§ WHAT TO DO
What you return should be the full listing, word for word, without a single image.

§ MATERIAL SHOWN
....................
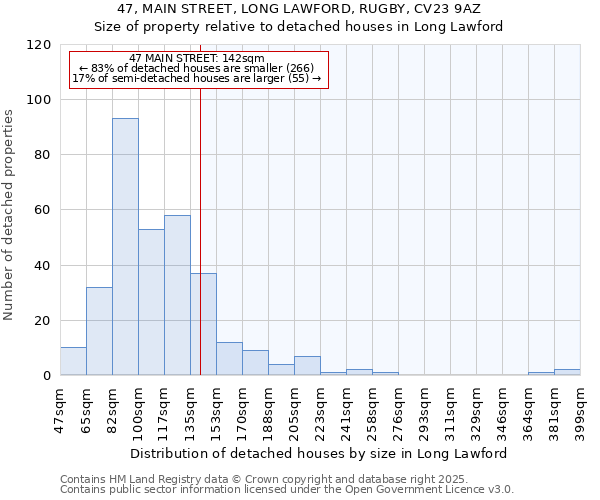 47, MAIN STREET, LONG LAWFORD, RUGBY, CV23 9AZ: Size of property relative to detached houses houses in Long Lawford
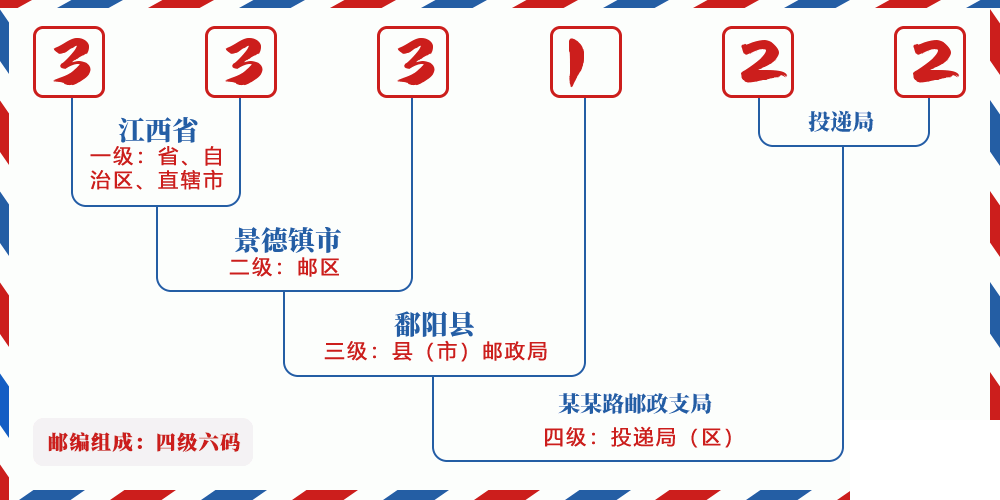 邮编333122含义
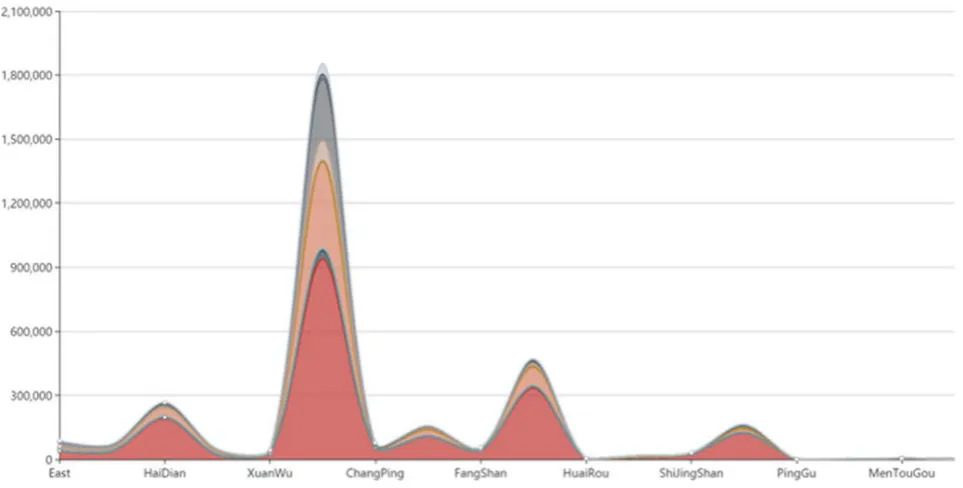 Figure 12. Distribution of Topic Categories in Geographical Divisions 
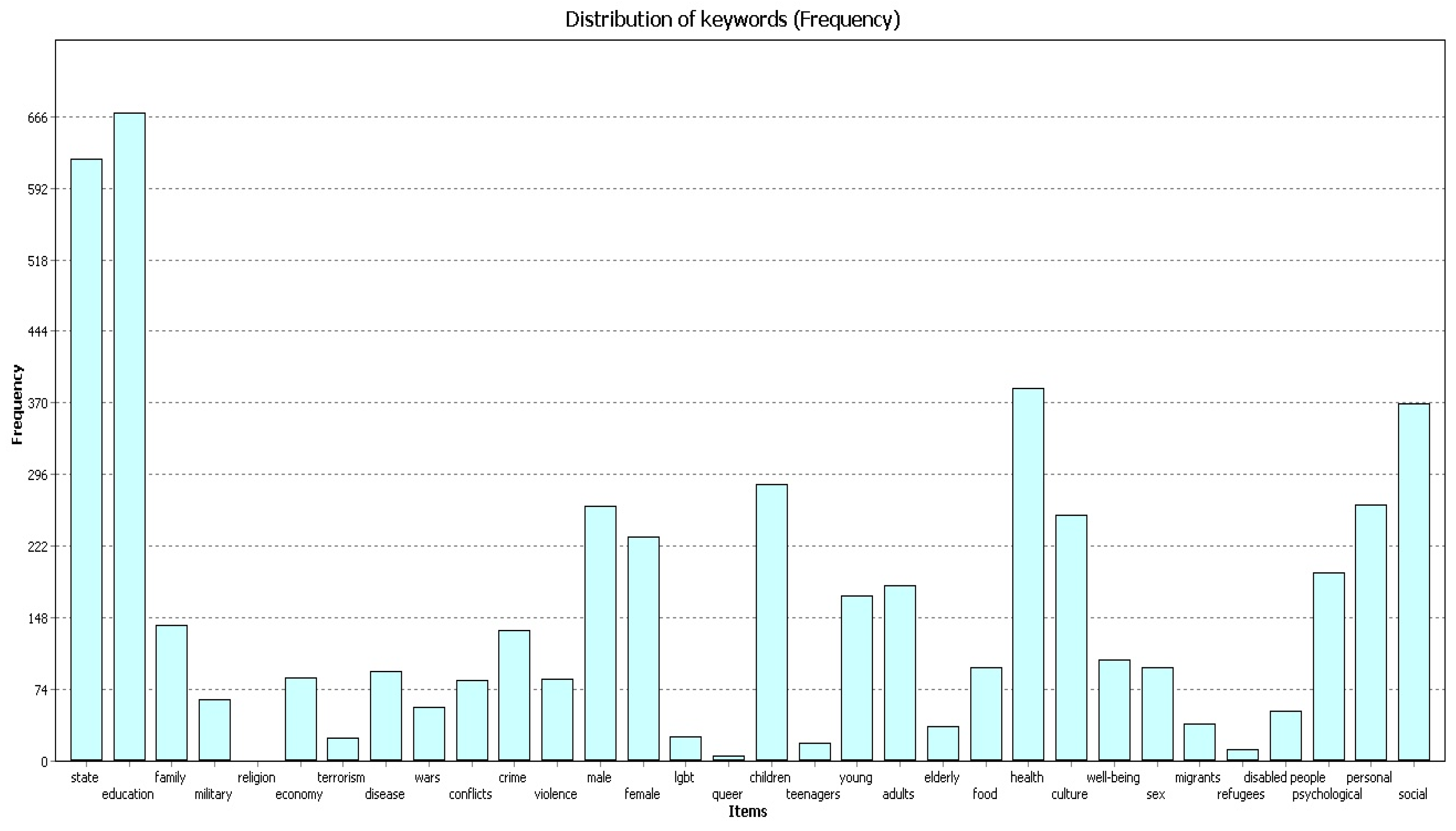 Behavsci 09 00146 g003 Behavsci 09 00146 g003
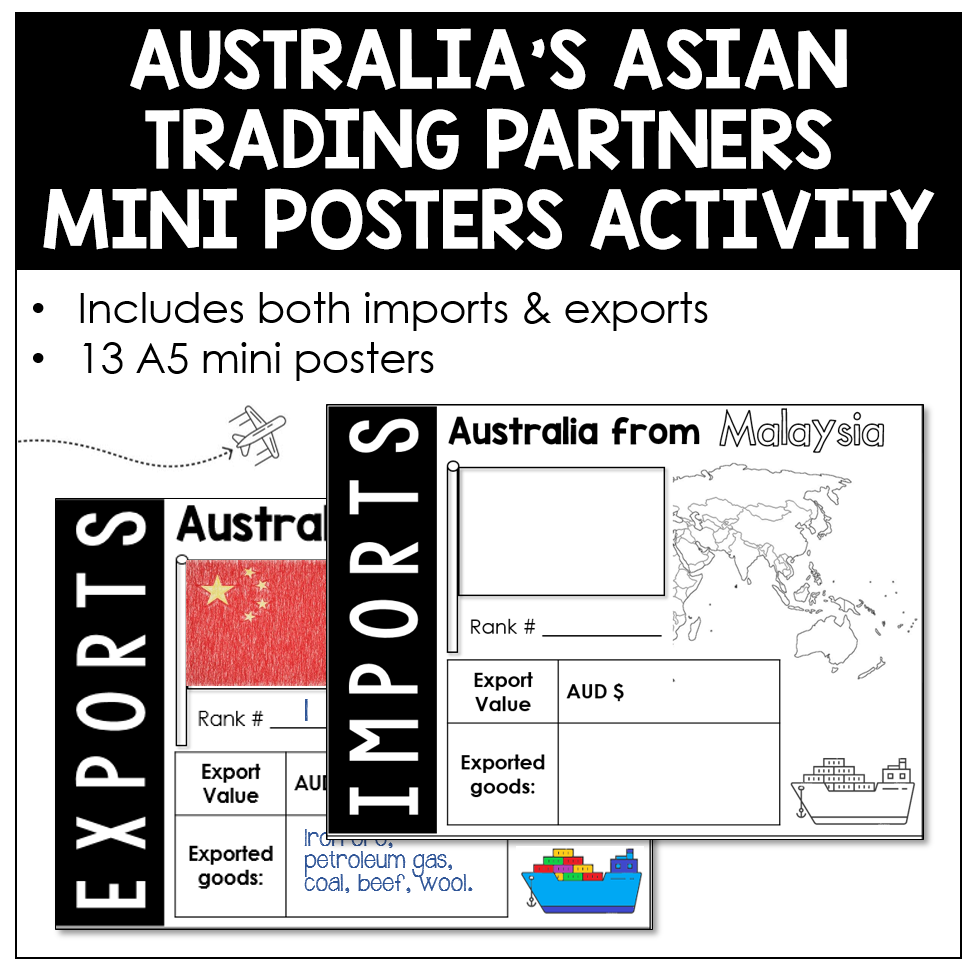 TRADING PARTNERS MINI POSTERS - PRINTABLE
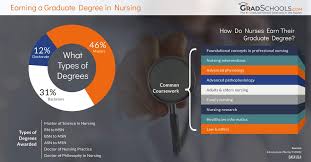 Student support from start to finish. Top Graduate Nursing Programs 2021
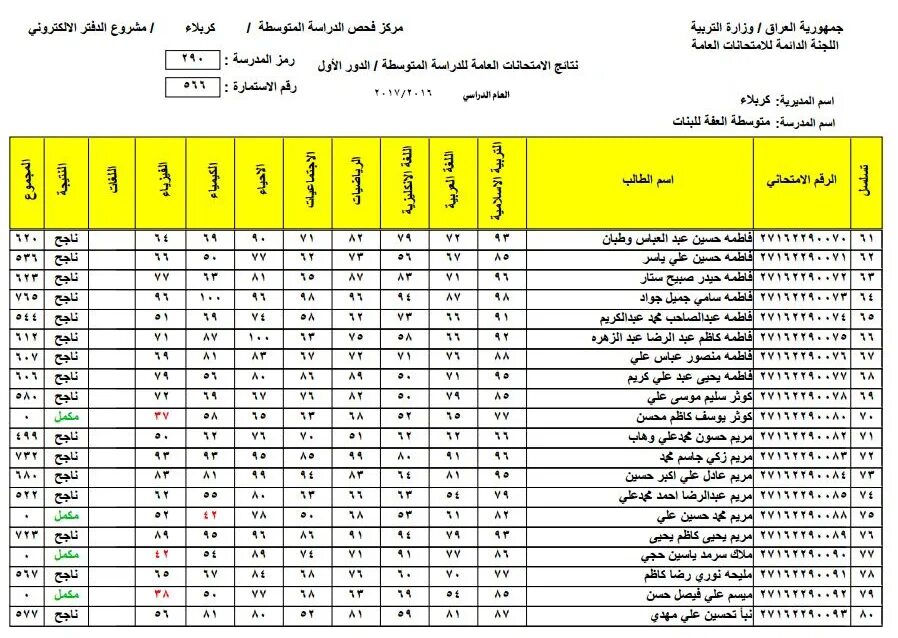 استخراج نتائج الثالث متوسط 2024 الدور الثالث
....................
§ EXERCISE RESULT
 47, MAIN STREET, LONG LAWFORD, RUGBY, CV23 9AZ: Size of property relative to detached houses houses in Long Lawford
 邮编333122含义
 Figure 12. Distribution of Topic Categories in Geographical Divisions 
 Behavsci 09 00146 g003 Behavsci 09 00146 g003
 TRADING PARTNERS MINI POSTERS - PRINTABLE
 Student support from start to finish. Top Graduate Nursing Programs 2021
 استخراج نتائج الثالث متوسط 2024 الدور الثالث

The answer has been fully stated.